By now the band was deservedly one of the top live attractions in the World - playing the first night at the resurrected Rainbow Theatre in June 1972 and touring Japan in August of that year, where they were extremely popular. Material from some of the concerts on this tour was later released on the Live In Japan album, which later climbed to No 16 in the UK and No 6 in the US. Towards the end of 1972 Warner released Purple Passages, a US-only compilation of material from their three Tetragrammaton albums, and it peaked at No 57.

By now Gillan had made up his mind to leave the group because he felt the band was ceasing to progress, although he remained with the band until 29 June 1973 to honour touring commitments in Japan, where the band members were idolised. He later formed his own band. Roger Glover followed him shortly after, initially becoming the Purple label's A&M man and later pursuing a solo career. The following month their classic song, Smoke On The Water (from Machine Head) was released as a 45 in the US, becoming a million-seller and peaking at No 4.


The previously unknown David Coverdale, who'd been working in a menswear shop in Redcar, Yorkshire, was brought in, along with ex-Trapeze bassist Glenn Hughes, after responding to an advert placed by the band. This new line-up were responsible for the Burn and Stormbringer albums, which were both successful commercially, but this particular incarnation of the band was brought to a conclusion when Ritchie Blackmore announced his departure to form Rainbow on 7 April 1975. His replacement was Tommy Bolin, formerly with The James Gang.

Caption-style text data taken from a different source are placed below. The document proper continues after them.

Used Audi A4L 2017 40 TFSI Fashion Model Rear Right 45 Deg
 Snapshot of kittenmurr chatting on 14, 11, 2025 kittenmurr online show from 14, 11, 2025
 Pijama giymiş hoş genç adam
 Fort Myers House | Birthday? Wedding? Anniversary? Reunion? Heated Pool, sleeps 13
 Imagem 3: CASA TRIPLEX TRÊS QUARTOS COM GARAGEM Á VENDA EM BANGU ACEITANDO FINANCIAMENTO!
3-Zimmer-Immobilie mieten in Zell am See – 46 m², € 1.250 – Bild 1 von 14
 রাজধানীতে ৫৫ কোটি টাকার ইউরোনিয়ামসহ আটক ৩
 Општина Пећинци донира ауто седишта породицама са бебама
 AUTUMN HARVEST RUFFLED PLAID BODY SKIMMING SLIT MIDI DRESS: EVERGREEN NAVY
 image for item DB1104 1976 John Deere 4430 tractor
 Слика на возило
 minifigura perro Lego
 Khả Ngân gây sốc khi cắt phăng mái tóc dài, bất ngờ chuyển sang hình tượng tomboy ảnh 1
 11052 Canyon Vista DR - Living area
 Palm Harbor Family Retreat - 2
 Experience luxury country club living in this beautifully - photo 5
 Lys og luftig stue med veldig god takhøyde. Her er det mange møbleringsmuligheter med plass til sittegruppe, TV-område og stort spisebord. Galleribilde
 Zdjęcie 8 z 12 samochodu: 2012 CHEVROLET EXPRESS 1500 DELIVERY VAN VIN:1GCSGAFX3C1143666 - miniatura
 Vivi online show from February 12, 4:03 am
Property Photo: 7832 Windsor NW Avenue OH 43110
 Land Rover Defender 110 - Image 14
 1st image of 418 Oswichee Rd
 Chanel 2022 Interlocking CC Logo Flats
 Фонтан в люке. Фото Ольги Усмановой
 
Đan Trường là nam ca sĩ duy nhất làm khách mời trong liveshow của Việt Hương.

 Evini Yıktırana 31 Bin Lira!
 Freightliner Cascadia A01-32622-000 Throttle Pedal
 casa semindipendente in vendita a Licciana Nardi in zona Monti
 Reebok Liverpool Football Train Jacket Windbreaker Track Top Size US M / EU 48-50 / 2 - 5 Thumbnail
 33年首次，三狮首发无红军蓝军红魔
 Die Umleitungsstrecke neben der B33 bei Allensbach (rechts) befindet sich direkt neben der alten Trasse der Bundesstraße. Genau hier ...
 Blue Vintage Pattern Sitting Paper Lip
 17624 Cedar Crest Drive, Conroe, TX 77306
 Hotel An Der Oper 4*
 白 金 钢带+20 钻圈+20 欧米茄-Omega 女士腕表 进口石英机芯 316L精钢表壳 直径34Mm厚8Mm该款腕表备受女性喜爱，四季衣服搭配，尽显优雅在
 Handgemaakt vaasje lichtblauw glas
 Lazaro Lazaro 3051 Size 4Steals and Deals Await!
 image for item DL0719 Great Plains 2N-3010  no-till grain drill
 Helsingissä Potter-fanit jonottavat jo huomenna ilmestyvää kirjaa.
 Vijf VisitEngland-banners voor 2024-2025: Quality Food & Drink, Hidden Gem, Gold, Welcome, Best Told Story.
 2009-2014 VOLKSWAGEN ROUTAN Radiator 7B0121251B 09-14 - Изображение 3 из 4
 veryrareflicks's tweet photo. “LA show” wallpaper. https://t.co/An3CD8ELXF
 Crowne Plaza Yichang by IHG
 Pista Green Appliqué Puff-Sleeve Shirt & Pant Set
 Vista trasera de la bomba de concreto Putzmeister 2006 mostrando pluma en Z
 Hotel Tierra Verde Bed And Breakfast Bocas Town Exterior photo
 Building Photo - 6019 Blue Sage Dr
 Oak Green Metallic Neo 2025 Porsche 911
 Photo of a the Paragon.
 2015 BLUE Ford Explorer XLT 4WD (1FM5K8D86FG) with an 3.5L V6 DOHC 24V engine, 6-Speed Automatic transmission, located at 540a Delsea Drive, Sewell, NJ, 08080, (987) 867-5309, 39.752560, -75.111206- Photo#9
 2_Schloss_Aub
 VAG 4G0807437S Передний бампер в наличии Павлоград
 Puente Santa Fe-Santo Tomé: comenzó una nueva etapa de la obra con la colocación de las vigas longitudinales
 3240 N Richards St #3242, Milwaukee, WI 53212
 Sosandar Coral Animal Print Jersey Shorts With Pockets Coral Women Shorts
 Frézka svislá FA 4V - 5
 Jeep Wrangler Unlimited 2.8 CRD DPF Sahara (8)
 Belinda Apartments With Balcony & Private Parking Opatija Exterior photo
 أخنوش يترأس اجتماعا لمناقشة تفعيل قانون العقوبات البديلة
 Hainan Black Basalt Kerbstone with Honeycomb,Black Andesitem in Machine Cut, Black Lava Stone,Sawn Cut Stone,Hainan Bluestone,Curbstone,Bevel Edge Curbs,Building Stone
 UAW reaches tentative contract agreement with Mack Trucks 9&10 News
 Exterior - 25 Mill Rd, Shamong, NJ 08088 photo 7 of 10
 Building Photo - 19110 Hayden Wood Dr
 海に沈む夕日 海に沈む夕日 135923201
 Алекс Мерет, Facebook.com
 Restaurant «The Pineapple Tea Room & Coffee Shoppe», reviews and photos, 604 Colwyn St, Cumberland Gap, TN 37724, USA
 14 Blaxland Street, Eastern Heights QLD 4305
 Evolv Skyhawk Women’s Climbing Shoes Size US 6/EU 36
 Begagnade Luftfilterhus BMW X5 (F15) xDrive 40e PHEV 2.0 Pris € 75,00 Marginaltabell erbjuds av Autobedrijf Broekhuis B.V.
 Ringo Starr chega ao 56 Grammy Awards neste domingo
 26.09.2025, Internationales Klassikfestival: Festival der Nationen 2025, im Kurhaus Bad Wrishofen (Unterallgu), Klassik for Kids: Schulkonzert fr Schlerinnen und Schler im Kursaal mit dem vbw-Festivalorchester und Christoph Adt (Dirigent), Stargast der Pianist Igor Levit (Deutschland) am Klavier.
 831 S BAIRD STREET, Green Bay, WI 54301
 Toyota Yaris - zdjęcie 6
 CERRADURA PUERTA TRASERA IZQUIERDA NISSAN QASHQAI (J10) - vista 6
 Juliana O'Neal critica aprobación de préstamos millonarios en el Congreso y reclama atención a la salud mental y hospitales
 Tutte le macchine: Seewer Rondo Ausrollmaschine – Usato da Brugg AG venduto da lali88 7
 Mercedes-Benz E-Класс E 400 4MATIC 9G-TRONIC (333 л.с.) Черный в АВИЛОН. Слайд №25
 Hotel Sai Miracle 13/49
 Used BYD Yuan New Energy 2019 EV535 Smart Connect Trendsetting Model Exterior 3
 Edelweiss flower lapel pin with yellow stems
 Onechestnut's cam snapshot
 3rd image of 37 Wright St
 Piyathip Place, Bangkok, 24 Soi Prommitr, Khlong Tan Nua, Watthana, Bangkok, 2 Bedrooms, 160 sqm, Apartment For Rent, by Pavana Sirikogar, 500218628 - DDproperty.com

This final line-up recorded a studio album, Come Taste The Band, and embarked on a World Tour of Australia, New Zealand, Hawaii, Japan, Hong Kong, America and Europe. However, it was proving increasingly difficult for the band to harness the undoubted talent of its individual members to best effect and they finally split in June 1976. Inevitably there have been several posthumous releases and compilations.

Upon their demise Coverdale embarked on a solo career later forming Whitesnake; Lord and Paice became two of the trio known as Paice, Ashton and Lord; Hughes rejoined Trapeze and Tommy Bolin formed his own band back in the US. He later died of a heroin overdose on 4 December 1976.

For a good retrospective collection try The Anthology, released in 1985. This doesn't just follow the 'greatest hits' type format - it mixes the best known material with the obscure. In the latter category are three previously unissued tracks:- Freedom, recorded as a follow-up single to Strange Kind Of Woman in 1971, which never saw the light of day until 1985 and two tracks from the 'Roundabout' acetate in 1968 (Love Help Me and Shadows), before the group had chosen the Deep Purple name. Some of their rare 45s (Hush, Emmaretta and Hallelujah) are included, too, and there are plenty of stage favourites like Woman From Tokyo, Black Night, Child In Time and Strange Kind Of Woman. Appearances on Various Artists' compilations have included Into The Fire (from the Deep Purple In Rock album) on Harvest's 1970 Picnic (Dble LP) compilation; Hush on Harvest Heritage - 20 Greats (LP) and, more recently, Shield on the CD The Age Of Enlightenment - Prog Rock, Vol. 1.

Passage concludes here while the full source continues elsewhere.